Further, the federal Electronic Signatures in Global and National Commerce Act (E-Sign Act) (15 U.S.C. §§ 7001–7031) and Delaware’s limited partnership act (see 6 Del. C. § 17-113) recognize the validity of an electronic signature, which is defined as an “electronic symbol or process, attached to or logically associated with a document, and executed or adopted by a person with the intent to sign the document.” The managing member who had arranged for the August 2019 email to be sent testified that he had composed the email message, which concluded “Thank you, Ron & Walter” and had instructed his assistant to send it on behalf of him and the other managing partner. The Roth IRA merely stated in rebuttal that the email was unsigned, which the court determined was an unsubstantiated assertion that was insufficient to create a genuine issue of fact regarding the managing member’s intent to sign the email.
The Roth IRA’s assertion that the email did not specify the duration of the extension of the partnership agreement was also without merit because it stated that the fund would be extended until 2021.
Takeaways: The court granted UCP’s motion for summary judgment on other grounds as well, but its ruling that UCP’s email was a “written instrument” sufficient to effectuate an amendment to the partnership agreement is a reminder for attorneys who advise partnership and LLC owners to include clear procedures for effectuating amendments in their partnership or operating agreements. In addition, attorneys should advise clients that informal communications through emails or text messages could be viewed as evidence of a contractual amendment, particularly if the agreement allows electronic writings.
California Passes Pay Transparency and Reporting Law
S.B. 1162, 2021-22 Reg. Sess. (Cal. 2022)
On August 30, 2022, the California Senate passed SB-1162. The bill, which awaits Governor Gavin Newsom’s signature, would require employers of fifteen or more employees to include the pay scale for positions in their job postings and require third parties that publish job postings to include pay scales.

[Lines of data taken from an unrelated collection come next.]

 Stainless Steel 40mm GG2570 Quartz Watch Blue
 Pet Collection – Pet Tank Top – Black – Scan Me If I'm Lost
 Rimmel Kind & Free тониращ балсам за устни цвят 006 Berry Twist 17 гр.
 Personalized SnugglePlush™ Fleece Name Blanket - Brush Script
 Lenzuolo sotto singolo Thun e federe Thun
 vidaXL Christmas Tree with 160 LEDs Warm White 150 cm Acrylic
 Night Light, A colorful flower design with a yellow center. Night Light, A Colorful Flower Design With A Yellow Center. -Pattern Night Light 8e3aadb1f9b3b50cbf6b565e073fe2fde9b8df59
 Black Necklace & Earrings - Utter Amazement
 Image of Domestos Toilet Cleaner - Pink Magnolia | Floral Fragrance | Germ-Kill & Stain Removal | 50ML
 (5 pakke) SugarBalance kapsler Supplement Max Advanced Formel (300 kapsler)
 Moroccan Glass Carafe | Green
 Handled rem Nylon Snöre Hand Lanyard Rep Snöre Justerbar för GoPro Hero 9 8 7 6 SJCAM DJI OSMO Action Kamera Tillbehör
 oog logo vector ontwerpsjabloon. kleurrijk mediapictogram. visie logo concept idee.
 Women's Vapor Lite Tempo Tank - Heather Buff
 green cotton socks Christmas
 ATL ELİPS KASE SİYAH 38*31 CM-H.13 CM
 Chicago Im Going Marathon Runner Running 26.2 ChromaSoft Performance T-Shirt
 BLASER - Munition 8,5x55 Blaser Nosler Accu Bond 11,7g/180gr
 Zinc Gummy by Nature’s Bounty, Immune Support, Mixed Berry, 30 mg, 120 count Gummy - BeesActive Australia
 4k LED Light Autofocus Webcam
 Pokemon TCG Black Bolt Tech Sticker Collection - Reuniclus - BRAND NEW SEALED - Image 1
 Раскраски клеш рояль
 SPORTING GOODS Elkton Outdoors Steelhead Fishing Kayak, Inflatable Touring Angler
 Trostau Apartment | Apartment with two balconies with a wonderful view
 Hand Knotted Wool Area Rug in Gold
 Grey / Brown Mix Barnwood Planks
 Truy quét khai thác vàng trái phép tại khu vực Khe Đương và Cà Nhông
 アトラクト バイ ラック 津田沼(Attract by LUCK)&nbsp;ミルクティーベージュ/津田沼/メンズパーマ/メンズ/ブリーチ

California’s bill, if enacted, goes beyond other pay transparency laws in that it would require private employers of 100 or more employees to submit a pay data report to the Civil Rights Department within the Business, Consumer Services, and Housing Agency that includes the median and mean hourly rate for each combination of race, ethnicity, and sex within each job category. If the private employer has 100 or more employees hired through labor contractors, a separate pay data report would be required for those employees. The report must be provided no later than the second Wednesday of May 2023 and annually thereafter. The bill would authorize a penalty of up to $100 per employee for failure to submit the pay data report and up to $200 per employee for subsequent failures.
Takeaways: If Governor Newsom signs the bill, California will join Illinois in requiring pay reporting. Similar pay transparency laws have been passed in Colorado, New York City, and Washington state.